* _Try it_: Your answer should hold exactly the lines below from the line with "at this time." through the line with "Teenage boys using school computer", both included, and no pictures at all.

* _Records for processing_:
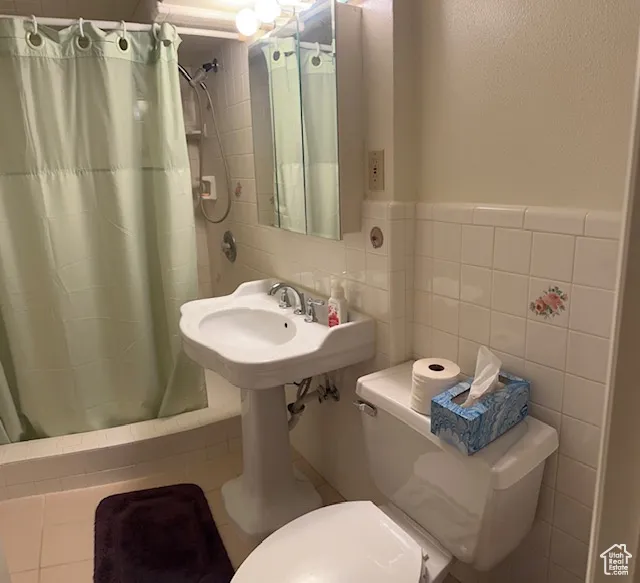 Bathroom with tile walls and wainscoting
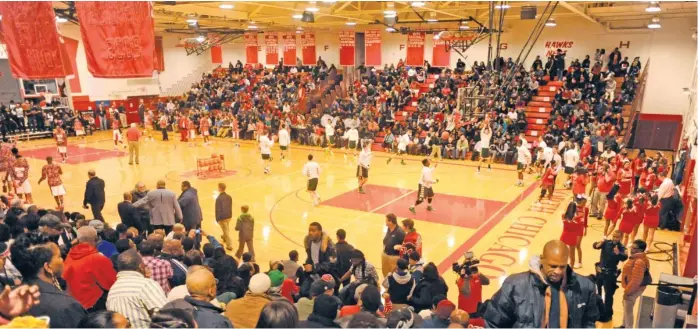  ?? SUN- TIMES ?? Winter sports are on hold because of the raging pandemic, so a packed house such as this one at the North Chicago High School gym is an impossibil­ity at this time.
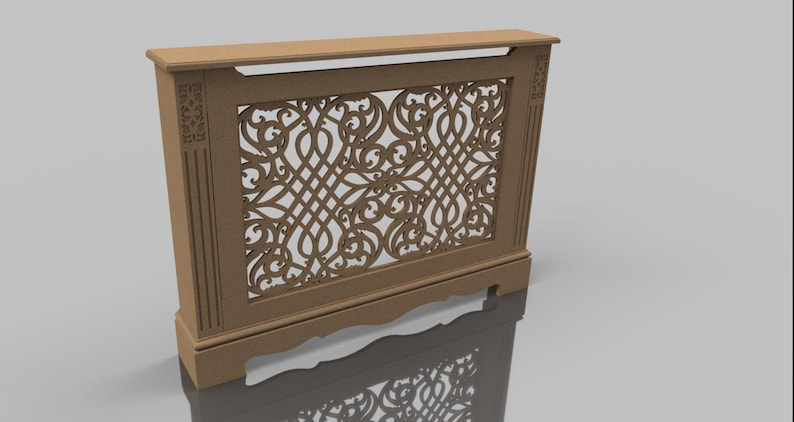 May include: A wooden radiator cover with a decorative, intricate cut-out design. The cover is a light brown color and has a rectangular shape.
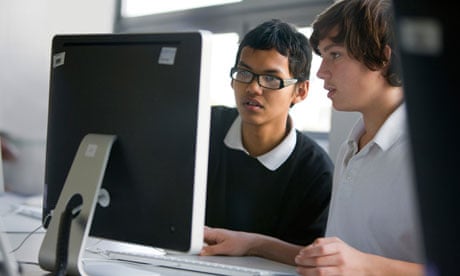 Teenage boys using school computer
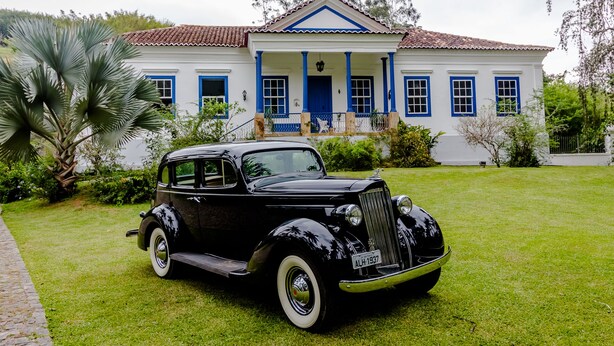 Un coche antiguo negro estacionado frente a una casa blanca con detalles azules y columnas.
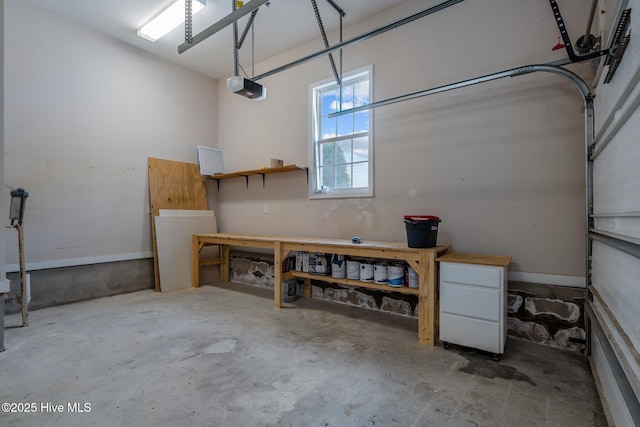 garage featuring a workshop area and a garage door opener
...
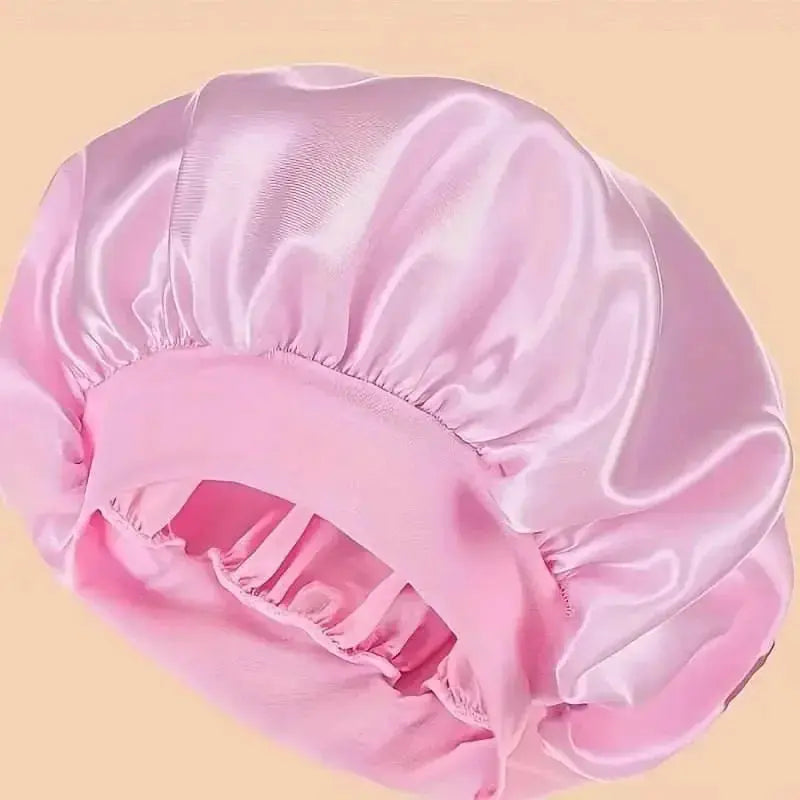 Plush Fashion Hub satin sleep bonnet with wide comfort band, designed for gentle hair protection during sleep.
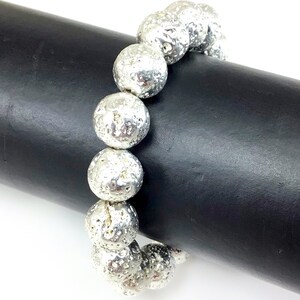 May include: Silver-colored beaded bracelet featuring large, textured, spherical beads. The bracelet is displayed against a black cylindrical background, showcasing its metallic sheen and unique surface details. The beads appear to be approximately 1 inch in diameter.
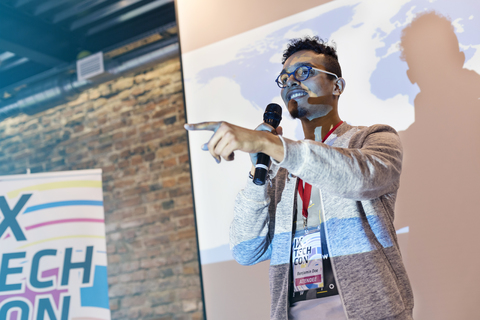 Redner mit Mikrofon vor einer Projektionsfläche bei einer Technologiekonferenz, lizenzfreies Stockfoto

* _Result of the exercise_:
  ?? SUN- TIMES ?? Winter sports are on hold because of the raging pandemic, so a packed house such as this one at the North Chicago High School gym is an impossibil­ity at this time.
 May include: A wooden radiator cover with a decorative, intricate cut-out design. The cover is a light brown color and has a rectangular shape.
 Teenage boys using school computer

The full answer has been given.